The main disadvantage is that you frequently have to satisfy minimum credit card transaction limits; $5,000 per month is usual, while others require you to handle at least $10,000 per month in credit card purchases. There are several pricing structures for merchant accounts, and not all of them are fantastic. Because interchange-plus pricing is the most clear and straightforward to compare, we advise using it.
So what do you do if your new company isn’t generating that much revenue?
You can use an outside processor (aka payment services provider). A third-party processor places you in a pooled account with other merchants rather than giving you a separate, individual merchant account.
While opening an account with a third-party processor is often quicker and simpler than opening a merchant account (you may start accepting payments right away), there is a slightly higher chance that your account will be suspended or terminated. Nevertheless, they offer a starting point for new or established firms seeking more dependable pricing. Regardless of the type of card used, the majority of third-party processors operate under a flat-rate price model; for eCommerce, this cost is typically 2.9% + $0.30.
3. YOU CAN ACCEPT MANY TYPES OF PAYMENT.
Although the majority of your eCommerce transactions will undoubtedly be made with credit and debit cards, there are other ways to make payments online.
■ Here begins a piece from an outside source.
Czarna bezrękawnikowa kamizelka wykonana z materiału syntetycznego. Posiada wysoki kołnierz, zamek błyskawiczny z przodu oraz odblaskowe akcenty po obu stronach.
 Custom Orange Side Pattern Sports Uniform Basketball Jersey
Every few years, it seems, a new tech company introduces its own digital wallet. We’re referring to apps that enable you integrate one or more payment sources to a single account, such as Apple Pay, Google Wallet, PayPal, Venmo, and Cash App. You can use mobile wallets (a sort of digital wallet that resides on your phone) in person to tap-to-pay at terminals that support near field communication (NFC) transactions. While other digital wallets often maintain a balance that may be used for online payment methods or placed into a bank account, mobile wallets typically directly debit a linked credit or debit card.
The other payment method you might want to consider isn’t cutting edge. In actuality, the automated clearing house has existed since the 1970s (ACH). ACH transactions make direct transfers between bank accounts rather than using the credit card company as an intermediary.
Although ACH payments can be one-time transactions, you’re probably more interested in using them for regular payments if you’re using them in a retail setting.